4.1. Interval Scheduling: The Greedy Algorithm Stays Ahead

The Greedy Algorithm stays ahead means that if we measure the greedy algorithm's progress in a step-by-step fashion, we see that it does better than any other algorithm. Thus it produces an optimal solution. For the Interval Scheduling Problem, we have a set of requests {1,2,3,…,n} where the i^th request corresponds to an interval of time starting at S(i) and finishing at f(i). A subset of requests is compatible if no two of them overlap in time,and our goal is to accept as large a compatible subset as possible. Compatible subsets of maximum size are called optimal.

Designing a Greedy Algorithm

–> The basic idea when designing a greedy algorithm for the interval scheduling problem is to select a first request i₁. Once the first request is selected, all of the requests not compatible with it are rejected. We then select the next request i₂ to be accepted,and eliminate all of the requests not compatible with it. We continue in this way until there are no more requests.

–>Thus the biggest issue is to find a simple way of selecting requests.

–> To select the first request, we examine a number of options,and decide which greedy rule can give us the optimal solution. It turns out that one of the best choices would be to select a request with the fewest conflicts possible: the request with the fewest number of non compatible requests. When we can find a counterexample to our best choice greedy rule, we can still use another greedy rule to find an optimal solution.

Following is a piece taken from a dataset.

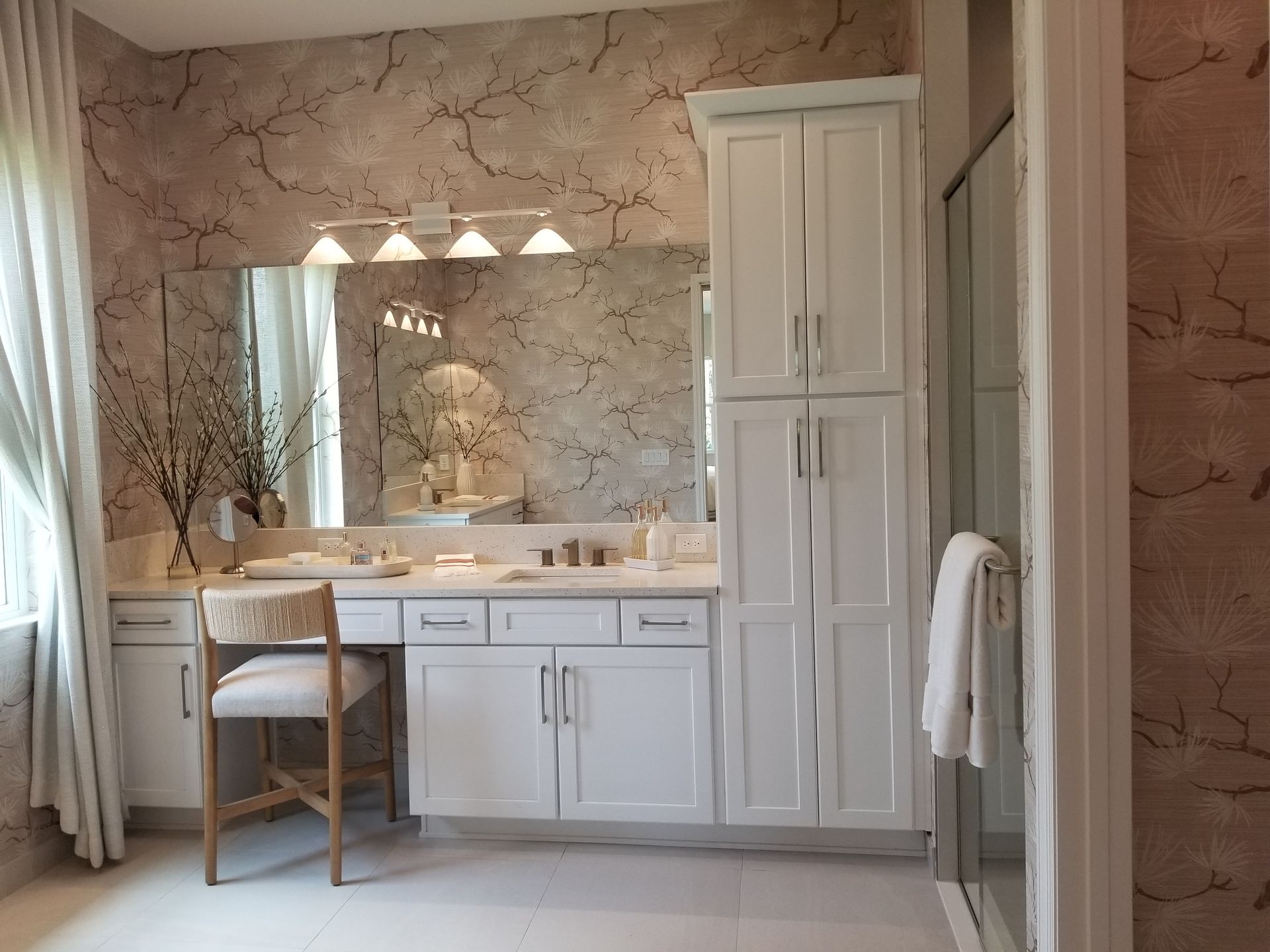 Elegant bathroom vanity with mirror, white cabinetry, and marble-patterned walls and floor lighting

In this case, we choose the greedy rule that gives us the next big subset with the fewest number of non compatible requests

Algorithm

Let R be a set of all requests, and let A be the set of accepted requests
Initially, let A be empty
While R is not empty

Choose a request i in R that has the smallest finishing time
Add request i to A
Delete all requests from R that are not compatible with request i

End While
Return the set A as the set of accepted requests

Algorithm Analysis And implementation

The set A returned is that of compatible requests and it is optimal.
For all indices r ≤ k, we have f(i_r) ≤ f(j_r), f(j_r) being the finishing time of the request in the optimal solution corresponding to the request f(i_r) in A

Implementation

–>Our goal: A O(nlogn)running time

First sort the n requests in order of finishing time and label them in this order:f(i) ≤ f(j) if i ≤ j. Sorting takes O(nlogn) time)
We then construct an array S[1,…,n] where S[i] contains the value S(i). This takes O(n) time.

Now we select requests in order of increasing f(i). We always select the first interval.
Then iterate through the interval in order until S(j) ≥ f(1). We then select this interval S(j).
In this way, we spend O(1) time per each interval and implement our greedy rule in a single pass through the intervals. This part of the algorithm takes O(n) time.

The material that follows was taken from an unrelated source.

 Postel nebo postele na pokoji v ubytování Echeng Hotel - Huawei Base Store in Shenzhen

Extensions of the Interval Scheduling Problem

For all scheduling problems, all of the requests are not known in advance. In case all of the requests are not known in advance, the greedy algorithm must take decisions as time goes on.
The solution given here assumes all of the requests are of equal value. However, they may have different values associated with them, such as in the case of the Weighted Interval Scheduling Problem.

A Related Problem: Scheduling all of Intervals

With this problem,we have many identical resources available and we wish to schedule all of the requests using as few resources as possible.
The goal here is to partition all intervals across multiple resources: Thus the problem is called the Interval Partitioning Problem.
The depth of a set of intervals is the maximum number of intervals that pass over any single point on the time-line
The number of of resources needed is always at least the depth of the set of intervals.

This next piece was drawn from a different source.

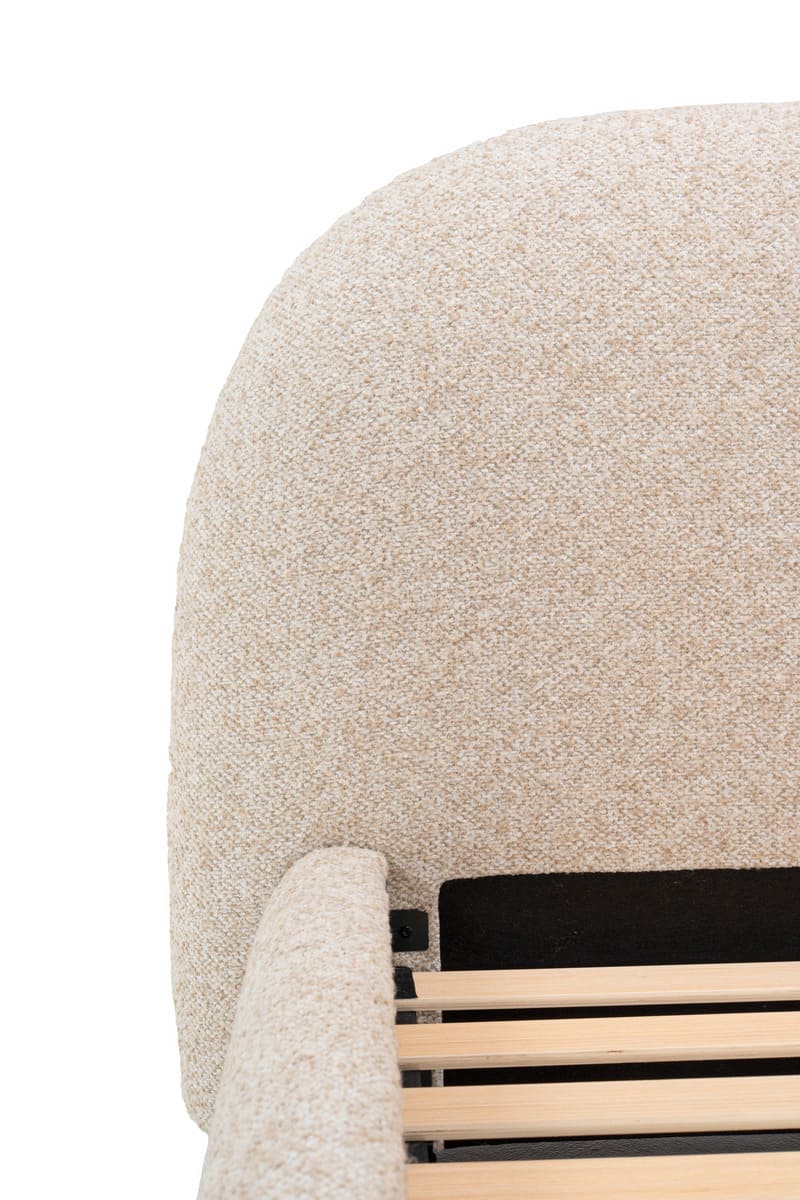 Close-up of a textured beige chair with wooden armrests on a white background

Algorithm for the Interval Partitioning Problem

Sort the intervals by their start times,breaking ties arbitrarily
Let I₁,I₂,…I_n be the intervals in that order
For j = 1,2,3,…n:

For each interval I_i that precedes I_j in sorted order and overlaps it:

Exclude the label I_i from considerations for I_j

End For
If there is any label from {1,2,…d} that has not been excluded:

Assign a non excluded label to I_j

else:

Leave I_j unlabeled

End if

End For

–> With this algorithm, every interval is assigned a label and no two overlapping intervals receive the same label.

–> This algorithm also schedules every interval on a resource using a number of resources equal to the depth of the set of intervals.

After writing this section,I realized how tricky,yet simple, designing a greedy algorithm. As it was an introduction to greedy algorithm, one reading wasn't really enough for this section to make sense. But after rereading it, it now make senses.

On our usual rating scale, I give this section an 8/10.